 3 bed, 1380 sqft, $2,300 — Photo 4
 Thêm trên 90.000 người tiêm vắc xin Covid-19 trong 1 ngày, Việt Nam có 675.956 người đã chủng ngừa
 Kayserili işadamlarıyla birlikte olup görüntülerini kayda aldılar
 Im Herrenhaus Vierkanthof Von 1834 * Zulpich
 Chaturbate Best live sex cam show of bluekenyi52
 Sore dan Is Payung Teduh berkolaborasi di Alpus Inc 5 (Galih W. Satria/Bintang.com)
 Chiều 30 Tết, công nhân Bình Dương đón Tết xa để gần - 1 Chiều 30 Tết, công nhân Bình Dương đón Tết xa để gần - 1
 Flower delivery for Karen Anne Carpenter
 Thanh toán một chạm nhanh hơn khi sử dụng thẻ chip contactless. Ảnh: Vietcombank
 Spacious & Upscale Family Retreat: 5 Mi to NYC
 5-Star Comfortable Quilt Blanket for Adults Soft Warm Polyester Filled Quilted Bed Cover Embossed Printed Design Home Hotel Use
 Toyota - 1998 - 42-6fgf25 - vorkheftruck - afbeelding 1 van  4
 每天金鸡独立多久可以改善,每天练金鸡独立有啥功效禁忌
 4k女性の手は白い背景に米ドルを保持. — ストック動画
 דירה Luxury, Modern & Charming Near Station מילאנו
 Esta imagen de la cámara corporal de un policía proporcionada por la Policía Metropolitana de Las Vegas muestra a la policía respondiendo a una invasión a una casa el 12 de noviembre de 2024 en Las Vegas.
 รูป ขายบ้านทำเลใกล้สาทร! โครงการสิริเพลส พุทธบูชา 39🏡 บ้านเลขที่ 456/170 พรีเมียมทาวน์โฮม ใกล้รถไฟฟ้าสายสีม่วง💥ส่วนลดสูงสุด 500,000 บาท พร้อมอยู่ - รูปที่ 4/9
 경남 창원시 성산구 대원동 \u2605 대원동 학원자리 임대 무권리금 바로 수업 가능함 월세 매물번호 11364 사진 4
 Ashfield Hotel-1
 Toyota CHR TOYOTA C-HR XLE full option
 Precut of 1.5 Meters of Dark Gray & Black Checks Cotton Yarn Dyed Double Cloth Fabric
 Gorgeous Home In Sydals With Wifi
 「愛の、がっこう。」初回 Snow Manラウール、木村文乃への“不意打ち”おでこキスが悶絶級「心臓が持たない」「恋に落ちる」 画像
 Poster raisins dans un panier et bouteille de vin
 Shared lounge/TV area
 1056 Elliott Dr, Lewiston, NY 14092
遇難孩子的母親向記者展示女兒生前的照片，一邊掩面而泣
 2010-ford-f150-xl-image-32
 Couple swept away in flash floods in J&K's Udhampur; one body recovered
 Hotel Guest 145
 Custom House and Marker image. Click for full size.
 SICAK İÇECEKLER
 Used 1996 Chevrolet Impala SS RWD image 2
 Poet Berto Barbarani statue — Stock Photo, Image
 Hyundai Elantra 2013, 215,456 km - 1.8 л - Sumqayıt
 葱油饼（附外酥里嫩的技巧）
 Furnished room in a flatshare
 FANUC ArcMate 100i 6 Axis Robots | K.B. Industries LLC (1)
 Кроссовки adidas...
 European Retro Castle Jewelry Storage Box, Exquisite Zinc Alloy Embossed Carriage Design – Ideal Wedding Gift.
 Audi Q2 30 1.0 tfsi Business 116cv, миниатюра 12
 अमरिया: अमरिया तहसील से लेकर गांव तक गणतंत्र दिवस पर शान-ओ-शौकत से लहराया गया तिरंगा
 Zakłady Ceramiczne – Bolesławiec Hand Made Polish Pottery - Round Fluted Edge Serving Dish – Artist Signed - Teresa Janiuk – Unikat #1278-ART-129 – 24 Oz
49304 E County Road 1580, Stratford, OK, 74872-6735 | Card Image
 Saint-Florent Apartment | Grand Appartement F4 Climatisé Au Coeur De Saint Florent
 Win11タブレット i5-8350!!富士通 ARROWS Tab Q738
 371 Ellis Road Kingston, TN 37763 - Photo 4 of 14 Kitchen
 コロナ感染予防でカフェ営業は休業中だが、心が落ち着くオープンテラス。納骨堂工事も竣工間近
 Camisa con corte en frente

=====

» **Task statement**: Everything above from the line containing "Toyota CHR TOYOTA C-HR XLE full option" down to the line containing "SICAK İÇECEKLER" is to be transcribed exactly, with both of those lines included and nothing else added.

» **Exercise response**:
 Toyota CHR TOYOTA C-HR XLE full option
 Precut of 1.5 Meters of Dark Gray & Black Checks Cotton Yarn Dyed Double Cloth Fabric
 Gorgeous Home In Sydals With Wifi
 「愛の、がっこう。」初回 Snow Manラウール、木村文乃への“不意打ち”おでこキスが悶絶級「心臓が持たない」「恋に落ちる」 画像
 Poster raisins dans un panier et bouteille de vin
 Shared lounge/TV area
 1056 Elliott Dr, Lewiston, NY 14092
遇難孩子的母親向記者展示女兒生前的照片，一邊掩面而泣
 2010-ford-f150-xl-image-32
 Couple swept away in flash floods in J&K's Udhampur; one body recovered
 Hotel Guest 145
 Custom House and Marker image. Click for full size.
 SICAK İÇECEKLER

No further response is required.